Monday, November 16, 2009

A Turkish Adventure

by Steven

The sound of gunshots echoed through the cool night air, breaking the steady rhythm of pipes and drums resounding from the square below. Startled, I looked around at my companions, ten of us perched peacefully on the flat roof of a Turkish home. We wore the long baggy clothes that our host families had given us, and the girls wore headscarves that had been tied by more experienced hands. It was our second week in a rural village of less than a hundred families in southern Turkey. Nine other American students and I had each been assigned to live with a Turkish family for 16 days, learning to speak Turkish and helping to paint the local school. We had just left a wedding, for which the whole village had turned out in celebration, firearms in tow.

I arrived with my host family on the first day having undergone a 15 hour bus ride in almost unfathomable 110 degree heat to find that my host family, and indeed the entirety of Hocalli village, spoke no English. I walked up the crude concrete steps to the second level of their home, looking in shock at the cows living on the first level, seeing the lack of even a toilet in their home, and wondering how I had ever gotten myself into a situation where I would be living in a home thousands of miles from my own with people who spoke none of my own language and whose life was nothing like my own. I sat, trying to sleep, for an hour under my mosquito net contemplating how I could possibly survive the next day, let alone the next two weeks.

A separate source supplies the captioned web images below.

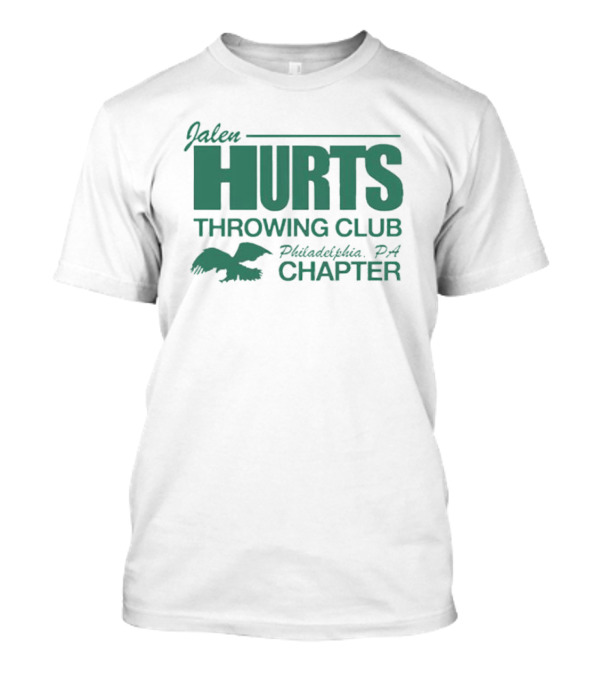 Jalen Hurts Throwing Club Philadelphia PA Chapter Flying Eagle T-Shirt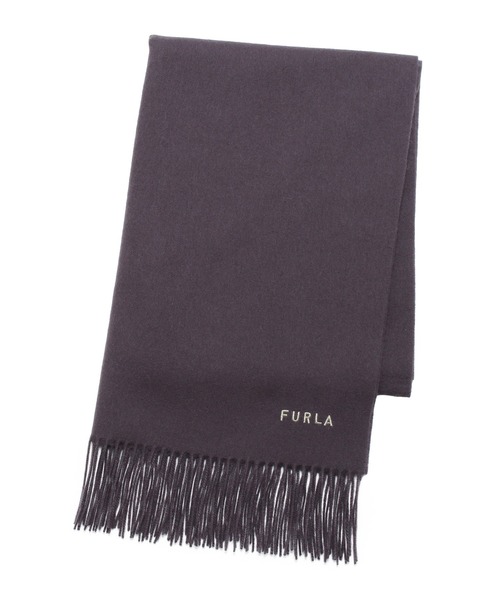 FURLA(フルラ)の「【WEB限定】マフラー 大判 "ウール100%無地"(マフラー・レディース・チャコールグレー/オフホワイト/サックスブルー/キャメル・FREE)」の5枚目の写真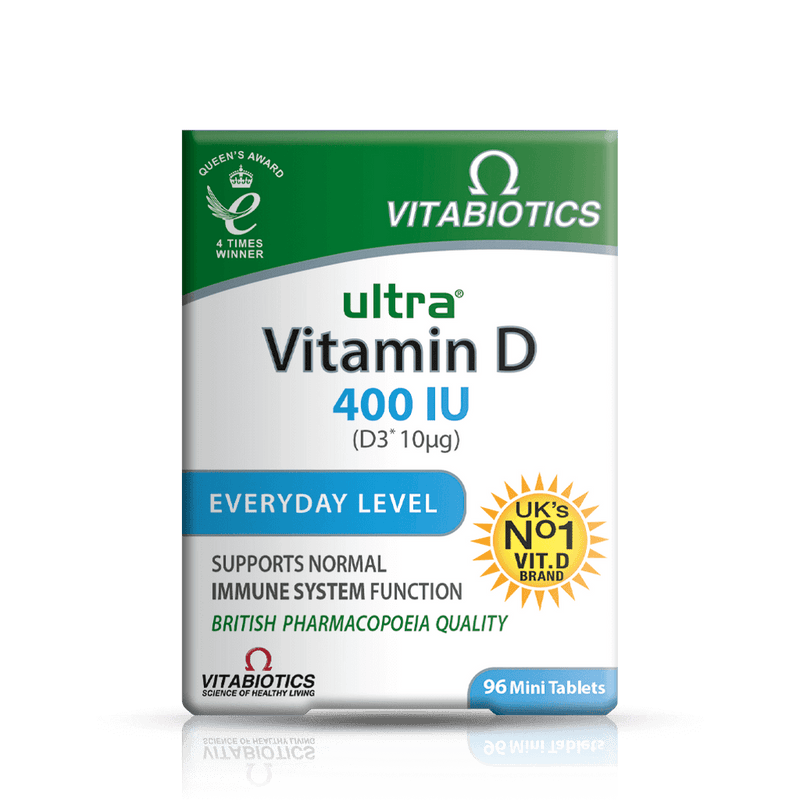 Vitabiotics Ultra Vitamin D 400 IU Everyday Level 96 Tablets - Bone Care at MySupplementShop by Vitabiotics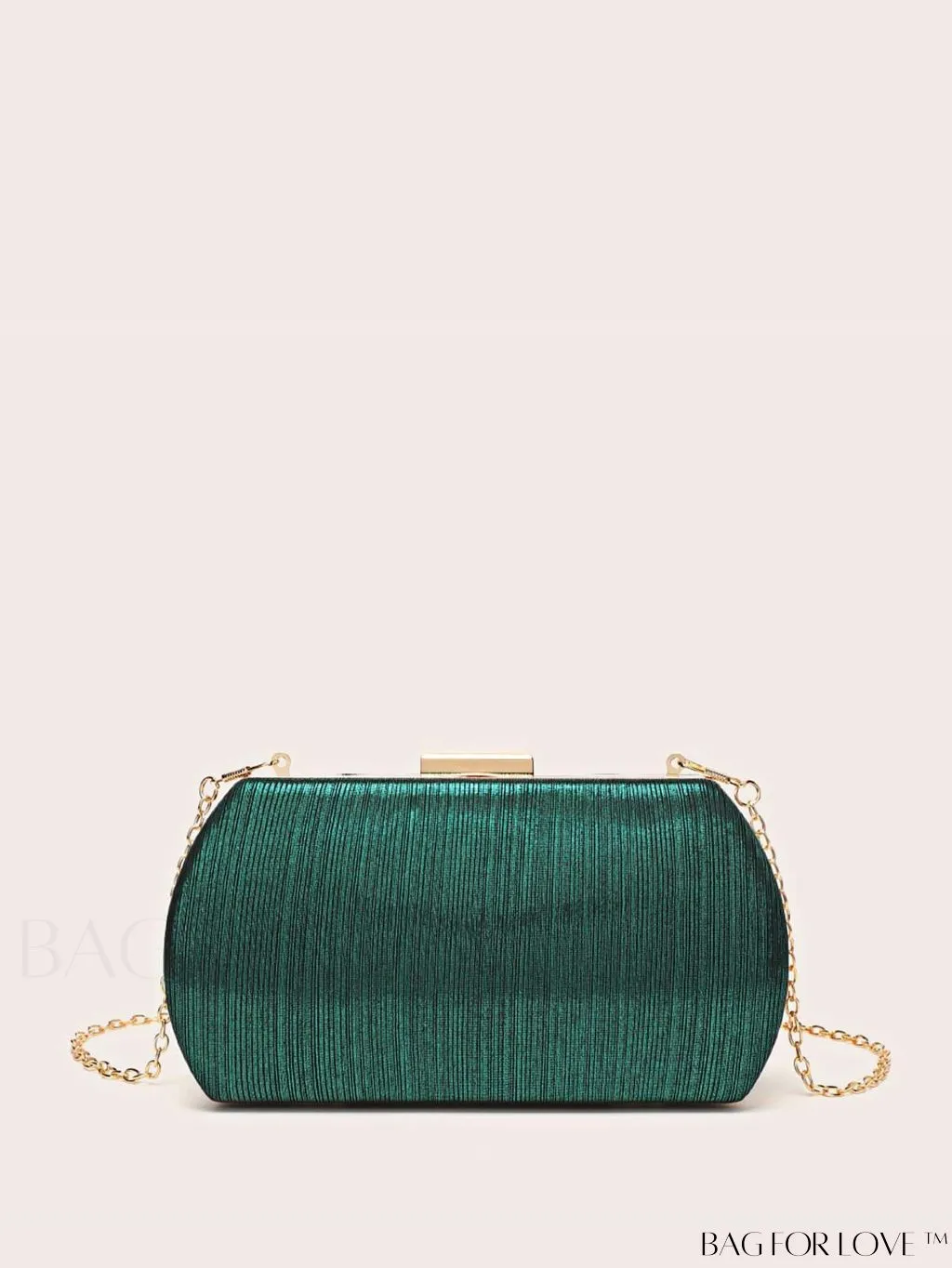 BagForLove - Compact Box Bag with Chain Strap - Ideal Bridal Purse for Weddings, Proms & Parties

I did. I survived painting a school in blistering heat for eight hours with only a break for lunch. I survived meeting with a whole room full of my new Turkish relations and having nothing but a woefully inadequate phrasebook to connect me to them. I survived driving a tractor with absolutely no idea how a tractor works or where I was going. I survived drinking çay, Turkish tea, six times a day to be polite, although I did put in the maximum of two cubes of sugar. And I survived, more than survived, the people – conversations where we spoke perhaps ten words of each other’s language, conversations supplemented by oft repeated sign-language, but conversations where people were genuinely interested in me as the only American, the only foreigner that they had ever seen in their lives.

Their enthusiasm turned into my enthusiasm. My natural reserve turned into openness under the relentless barrage of questions and friendliness from the villagers – invitations to play cards from old men, rides to the farms of proud young men, and the constant gaggle of kids who followed me around, asking to play basketball or football. I felt invigorated by the sheer unpredictability of what I did here each day.

Now that I have returned home, life feels boring, predictable, tame, and almost too easy. I miss the friendly people, my Turkish family, and the lovingly made Adana kebabs. But I won’t miss the sense of adventure, of taking risks and throwing myself into a whole new situation, be it a Turkish wedding or the herding of goats. I’ll always keep that part of Turkey with me.